The reason practicing self-compassion works is because what we conjure up in our mind has the same effect on our body as if it was actually happening. If being in a stressful situation causes our body to produce adrenaline, then thinking about a stressful situation also produces adrenaline. So when we are stressed, even though we will not be running or fighting, our body gets ready to that – fight or flight. Our body gets more blood to our arms and legs and gets less blood to our brains. The rationale is simple, running from a tiger doesn't take much thought but your legs better be working as best they can!
Now, if your son or daughter is taking a test and they are very stressed, their body will be producing adrenaline. But here the system doesn't work. Now they need as much blood going to their brain as possible, not less! But the adrenaline will be sending extra blood to their legs – what a waste!
So we should be teaching our kid ways to not get stressed. And compassionate mind training is one such way. The compassionate mind training is done by having each participant imagine their own perfect compassionate person. Who is it that can always comfort them? How old are they? What do they look like? What does your most compassionate person think to themselves? What is their voice like? Now integrate that person into you!
In the smoking program, the smokers then had their “compassionate person” write them a letter saying how proud they were that they were quitting smoking, knowing that there would be hard times and supporting them no matter what. Then, every time the participant wanted a cigarette, they would conjure up their compassionate self.
Imagine what this could do for our kids!
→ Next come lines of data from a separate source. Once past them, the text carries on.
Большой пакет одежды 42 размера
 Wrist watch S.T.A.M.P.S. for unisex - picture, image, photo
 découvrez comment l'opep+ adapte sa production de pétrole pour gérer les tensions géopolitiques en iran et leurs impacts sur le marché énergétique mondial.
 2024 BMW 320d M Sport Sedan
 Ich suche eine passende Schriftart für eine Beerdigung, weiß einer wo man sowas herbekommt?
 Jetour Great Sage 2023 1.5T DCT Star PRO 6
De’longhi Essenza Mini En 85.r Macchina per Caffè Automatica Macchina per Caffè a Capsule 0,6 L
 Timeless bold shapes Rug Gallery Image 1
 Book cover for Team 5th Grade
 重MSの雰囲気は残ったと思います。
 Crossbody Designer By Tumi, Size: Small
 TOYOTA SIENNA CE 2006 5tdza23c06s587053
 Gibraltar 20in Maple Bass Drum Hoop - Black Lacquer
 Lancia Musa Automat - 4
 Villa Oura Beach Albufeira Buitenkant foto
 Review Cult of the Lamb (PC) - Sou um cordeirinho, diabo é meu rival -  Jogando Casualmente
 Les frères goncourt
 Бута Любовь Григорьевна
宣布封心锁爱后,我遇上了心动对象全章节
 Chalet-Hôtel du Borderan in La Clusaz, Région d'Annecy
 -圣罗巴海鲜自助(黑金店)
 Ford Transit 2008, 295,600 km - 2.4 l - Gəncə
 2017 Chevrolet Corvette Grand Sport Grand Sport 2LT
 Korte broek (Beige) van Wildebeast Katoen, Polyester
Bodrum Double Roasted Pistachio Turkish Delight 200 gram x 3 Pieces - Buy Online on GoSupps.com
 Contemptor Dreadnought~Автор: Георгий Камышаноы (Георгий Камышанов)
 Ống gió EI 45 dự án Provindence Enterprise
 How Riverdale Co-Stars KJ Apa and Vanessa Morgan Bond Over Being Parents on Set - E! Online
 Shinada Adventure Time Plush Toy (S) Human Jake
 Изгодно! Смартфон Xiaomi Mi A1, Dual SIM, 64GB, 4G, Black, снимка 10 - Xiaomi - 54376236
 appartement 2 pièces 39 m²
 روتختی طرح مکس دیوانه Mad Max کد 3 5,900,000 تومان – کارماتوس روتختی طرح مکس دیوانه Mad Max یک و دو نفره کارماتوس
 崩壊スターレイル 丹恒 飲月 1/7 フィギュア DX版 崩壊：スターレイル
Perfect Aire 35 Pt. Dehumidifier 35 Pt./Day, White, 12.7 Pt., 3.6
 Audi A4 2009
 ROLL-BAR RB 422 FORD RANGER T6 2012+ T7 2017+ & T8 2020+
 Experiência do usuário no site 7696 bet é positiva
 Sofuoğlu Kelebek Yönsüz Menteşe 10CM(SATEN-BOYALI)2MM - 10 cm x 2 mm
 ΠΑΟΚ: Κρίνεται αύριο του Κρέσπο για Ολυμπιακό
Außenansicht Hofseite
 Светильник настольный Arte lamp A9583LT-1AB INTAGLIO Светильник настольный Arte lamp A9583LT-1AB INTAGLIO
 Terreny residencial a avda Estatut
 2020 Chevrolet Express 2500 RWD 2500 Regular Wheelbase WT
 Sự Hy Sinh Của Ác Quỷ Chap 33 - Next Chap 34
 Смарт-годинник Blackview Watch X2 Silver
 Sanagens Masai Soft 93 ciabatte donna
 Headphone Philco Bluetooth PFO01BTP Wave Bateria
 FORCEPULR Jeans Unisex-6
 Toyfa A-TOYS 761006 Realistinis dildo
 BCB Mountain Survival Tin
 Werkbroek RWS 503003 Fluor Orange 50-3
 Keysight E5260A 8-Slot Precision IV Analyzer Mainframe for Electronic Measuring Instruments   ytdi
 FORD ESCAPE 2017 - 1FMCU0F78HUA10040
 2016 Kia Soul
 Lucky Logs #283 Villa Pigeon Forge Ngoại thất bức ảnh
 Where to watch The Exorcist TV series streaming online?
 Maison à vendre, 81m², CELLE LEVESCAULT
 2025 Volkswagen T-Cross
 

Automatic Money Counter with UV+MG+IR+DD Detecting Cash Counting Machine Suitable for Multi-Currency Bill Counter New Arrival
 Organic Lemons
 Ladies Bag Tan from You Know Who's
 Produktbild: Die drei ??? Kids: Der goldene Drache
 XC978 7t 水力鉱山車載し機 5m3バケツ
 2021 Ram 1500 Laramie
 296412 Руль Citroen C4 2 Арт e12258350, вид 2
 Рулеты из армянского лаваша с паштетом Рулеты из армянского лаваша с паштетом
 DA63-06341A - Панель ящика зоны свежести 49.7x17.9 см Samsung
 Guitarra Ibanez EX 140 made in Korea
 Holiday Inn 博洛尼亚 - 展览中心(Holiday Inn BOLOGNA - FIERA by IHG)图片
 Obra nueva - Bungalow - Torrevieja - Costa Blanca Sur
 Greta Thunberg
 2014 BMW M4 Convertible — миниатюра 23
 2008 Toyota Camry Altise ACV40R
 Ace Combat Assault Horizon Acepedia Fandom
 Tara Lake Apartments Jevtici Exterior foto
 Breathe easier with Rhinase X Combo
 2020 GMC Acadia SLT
Every time they are in a situation where there is peer-pressure, they would have a compassionate self there to help them. Every time they were in a tense situation , their compassionate self could calm them down. They would never need to turn to cigarettes or other destructive habits!
And, of course, if they have a wonderful relationship with themselves, they will certainly have a wonderful relationship with their friends and their friends will be happy to spend time with them.
And, best of all, this will do wonders for their relationship with you!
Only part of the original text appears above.